## WHAT IS NEEDED
Please transcribe only the lines from the one holding "Foto van Scaff" through the final line of the data, both included, with no pictures.

## RAW DATA
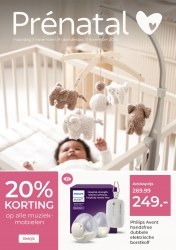 Folder Prénatal Venlo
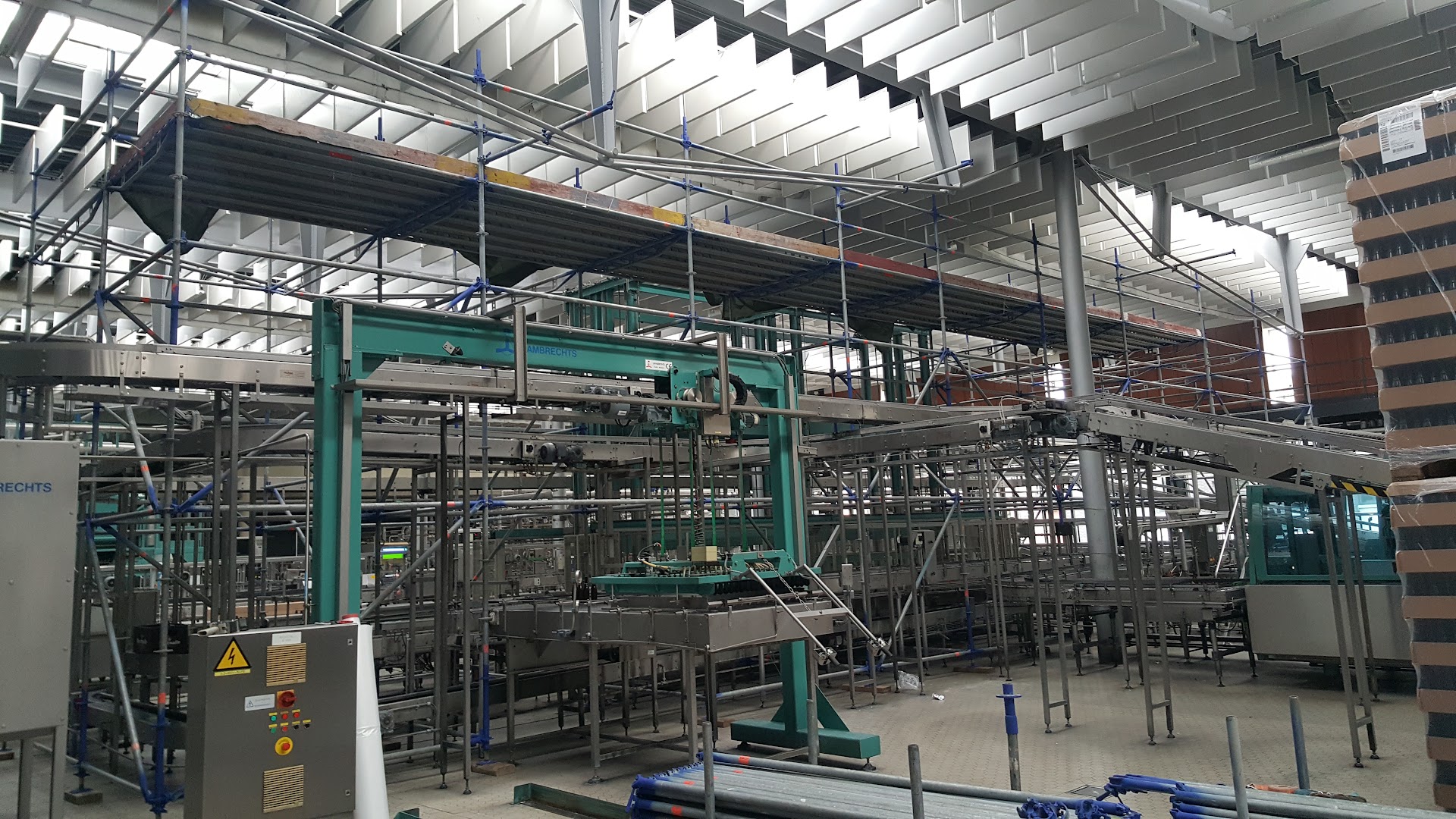 Foto van Scaff - Fix Bvba in Antwerpen, Stellingbouwer (foto 3)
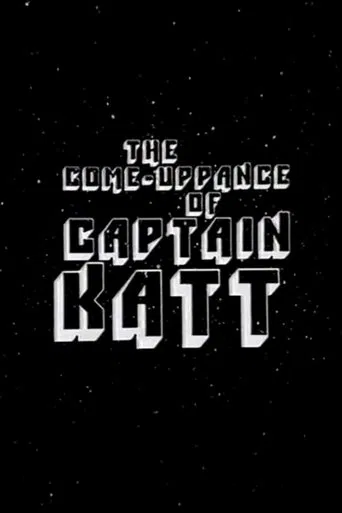 The Come-Uppance of Captain Katt poster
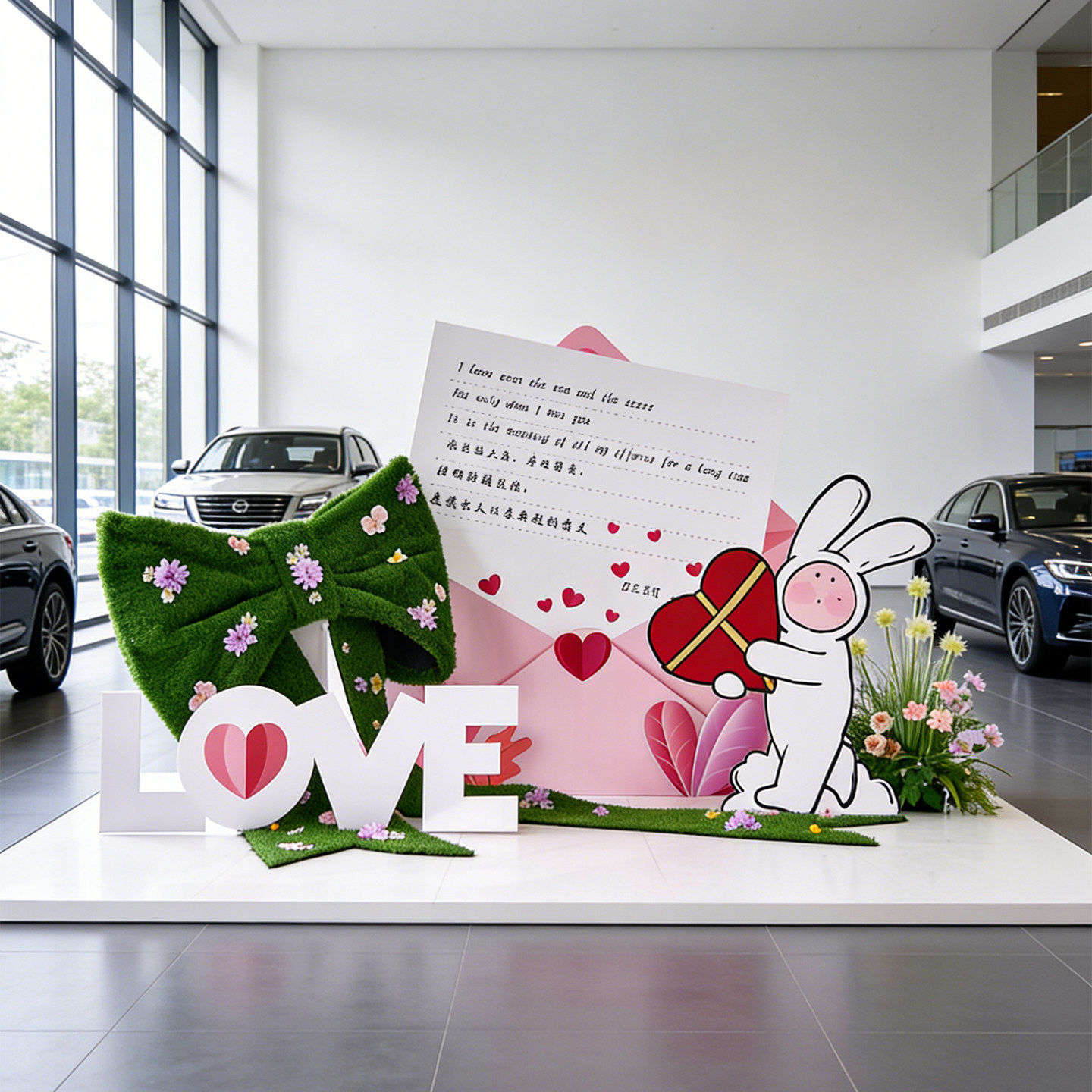 仿真毛绒花摆件情人节商场酒店4S店KT板装饰花艺布置节日布置套餐,节庆用品/礼品,装扮布置套餐,淘宝优惠券,粉丝福利购,淘宝优惠卷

## TASK RESPONSE
 Foto van Scaff - Fix Bvba in Antwerpen, Stellingbouwer (foto 3)
 The Come-Uppance of Captain Katt poster
 仿真毛绒花摆件情人节商场酒店4S店KT板装饰花艺布置节日布置套餐,节庆用品/礼品,装扮布置套餐,淘宝优惠券,粉丝福利购,淘宝优惠卷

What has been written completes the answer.